Apple faces anti-competitive P2P lawsuit

Apple is facing an anti-competitive lawsuit over ‘horizontal restraints’ in the iOS peer-to-peer (P2P) payment market.

The filing by several Venmo and Cash App customers in a California court claims that the tech giant’s ‘mirroring agreements’ which it has with each of its horizontal competitors in the iOS P2P Payment Market, including Venmo owner Paypal, Cash App owner Block, and Google Pay, limit feature competition and the price competition that would “flow from it market wide”.

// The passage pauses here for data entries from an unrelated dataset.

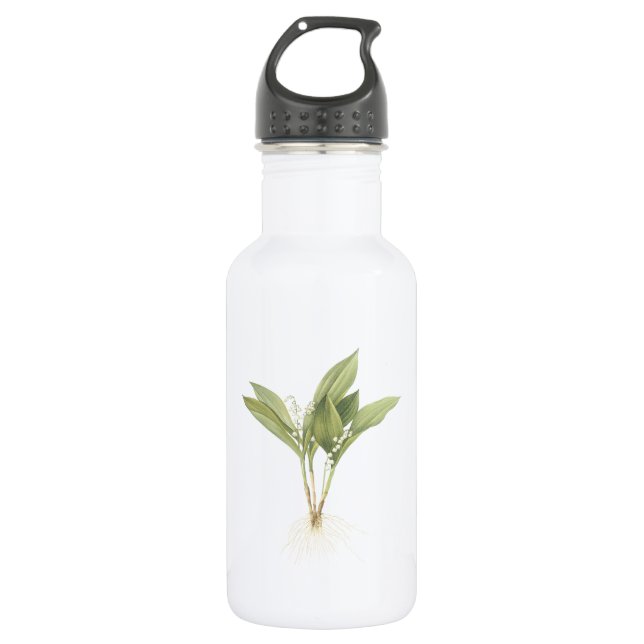 Garrafa Lily-of-the-valley (Convallaria majalis) apresenta (Frente)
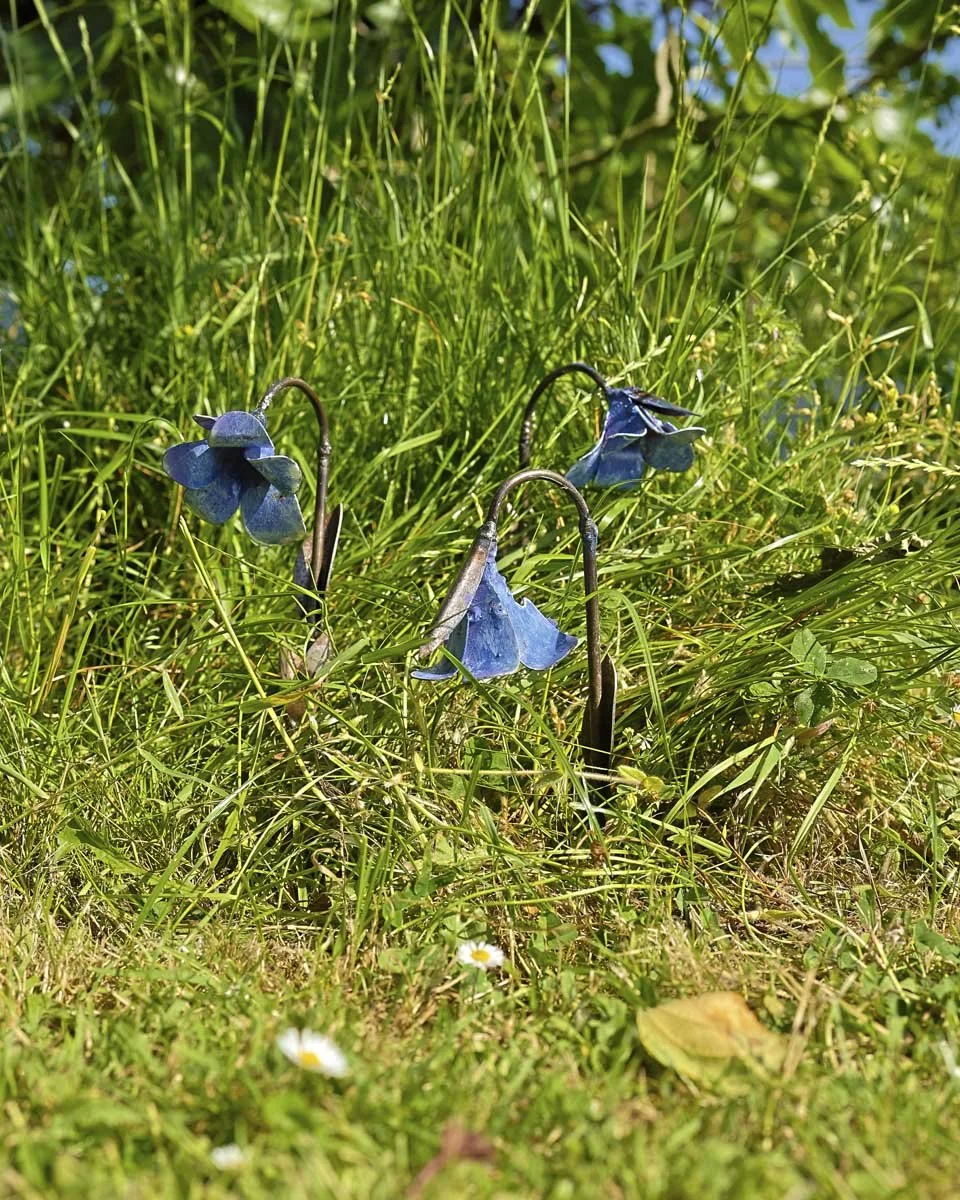 minibluebells_LR1.jpg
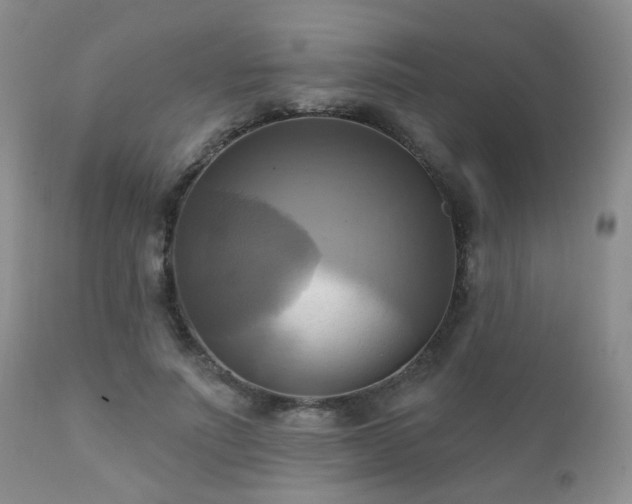 X0000112100691200908111418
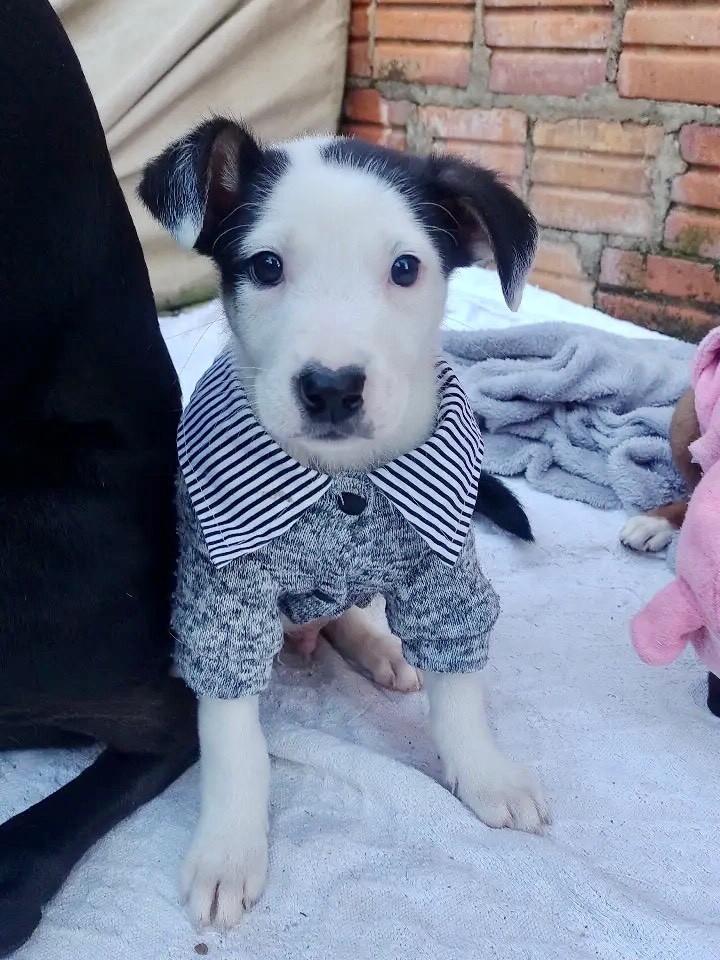 Gabriel, cachorro de porte médio para adoção em Erechim - RS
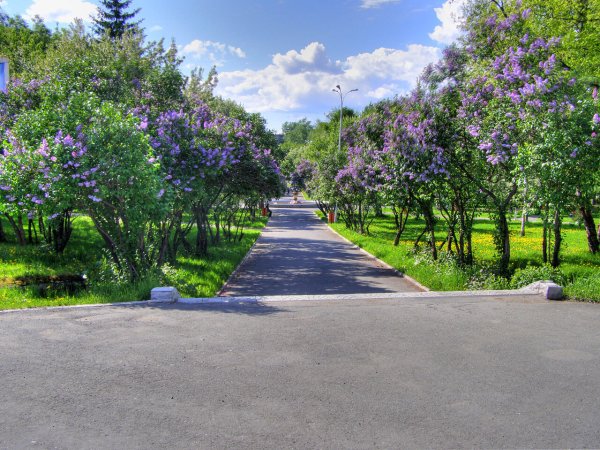 Нижний Тагил сквер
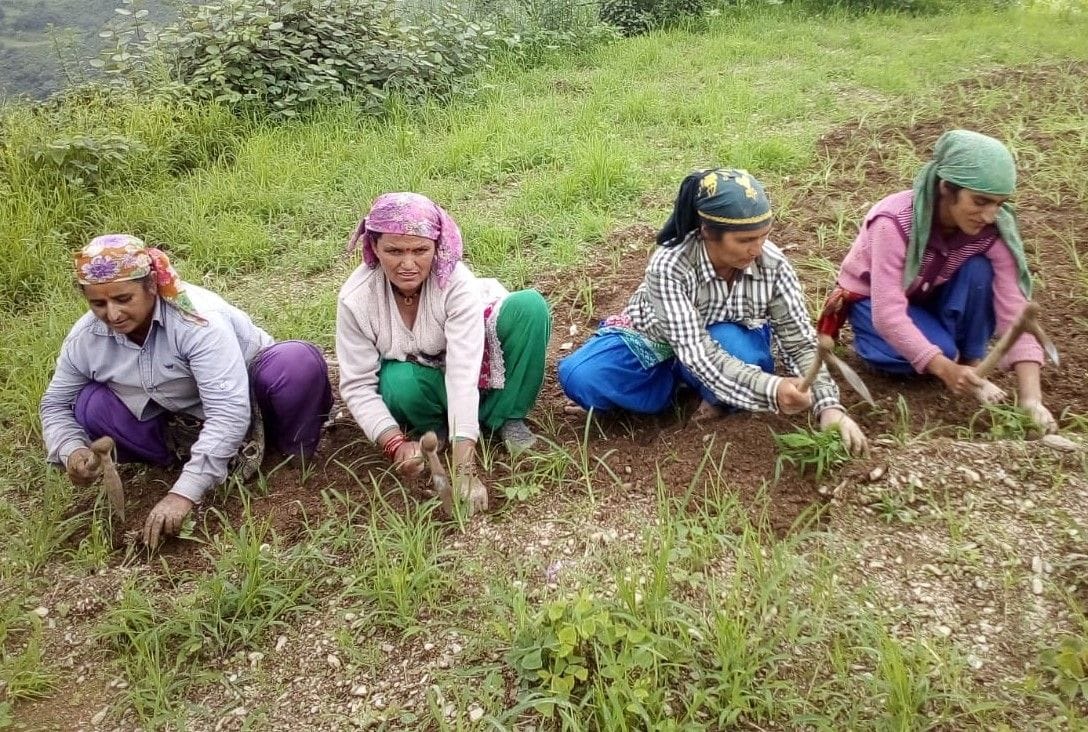 Naithavana festival celebrated in Jaunsar Bawar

The filing went on to add that because Apple uses technological and contractual restraints, which include hardware-enforced App Store exclusivity and contractual limitations on web browser technology, it is “able to (and does) extract the same agreement from any new iOS Peer-to-Peer Payment product as a condition for entry”.

Due to the contested issues, which the complainants claim violate the Sherman Antitrust Act, they are seeking to recover treble damages, interest, costs of suit, equitable relief, and reasonable attorneys’ fees for their damages resulting from Apple’s anticompetitive agreements.

The lawsuit is the latest claim to allege Apple is engaged in anticompetitive practices.

A US judge recently refused to dismiss a lawsuit against Apple alleging it unlawfully monopolises the market for tap-and-pay mobile wallets.

Filed in 2022, the lawsuit from Affinity Credit Union, GreenState Credit Union, and Consumers Co-Op Credit Union centres on claims that Apple limits access to the utilisation of the NFC chips used to make payments through its mobile devices to Apple Pay and apps without payment functionality.